Edward Snowden Warns For The Privacy Risks Of Google’s New Messaging App, ‘Allo’: Privacy savants have already termed it as a snooping bot for ‘Google.’ Meet ‘Allo’ the end-to-end encrypted messaging app that Google announced at its I/O developer conference this week.
Allo’s USP is that AI integration Google Knowledge Graph will bring to it. This will allow users to send custom messages which Allo will analyse from the user’s past usage. Allo is capable of analyzing images in your chat and sending out smart replies just like you would normally do in a standard communication.

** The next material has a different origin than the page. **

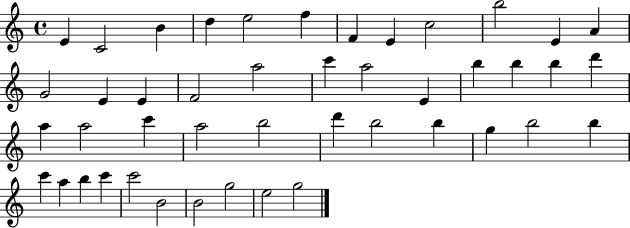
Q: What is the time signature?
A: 4/4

The problem with Allo is that Google added its “incognito” mode and end-to-end encryption is only as an opt-in feature, rather than as a default setting. That decision has raised the hackles of privacy advocates including the serial whistle blower and former NSA contractor, Edward Snowden.
Edward Snowden Warns For The Privacy Risks Of Google’s New Messaging App, ‘Allo’
Google’s decision to disable end-to-end encryption by default in its new #Allo chat app is dangerous, and makes it unsafe. Avoid it for now.
— Edward Snowden (@Snowden) May 19, 2016
Snowden found Allo to be a privacy nightmare and tweeted to his followers why he thinks so. He said that though Google Allo is equipped with end-to-end encryption but the company has kept this option off-by-default, which is really bad and in fact, quite bizarre given that almost all major messaging apps like WhatsApp and iMessages, etc., which are encrypted.
To make matters worse, one of the engineers who helped design Allo’s security wrote in a blog post that he wished the end-to-end encryption feature were always on. “I’m pushing for a setting where users can opt out of cleartext messaging,” he said. Soon after, the coder’s comments disappeared
This confirmed what Snowden and other privacy savants have been saying. Google has disabled end-to-end encryption for some specific purpose.
Lesson: Bosses read blogs
— Edward Snowden (@Snowden) May 20, 2016
Dan Goodin at Ars Technica has a great side-by-side analysis of the alterations made to the engineer’s essay post-publication. This seems to confirm the privacy advocates worst fear. There is something fishy about Allo.
Better to heed Snowden’s advice and avoid Allo for now.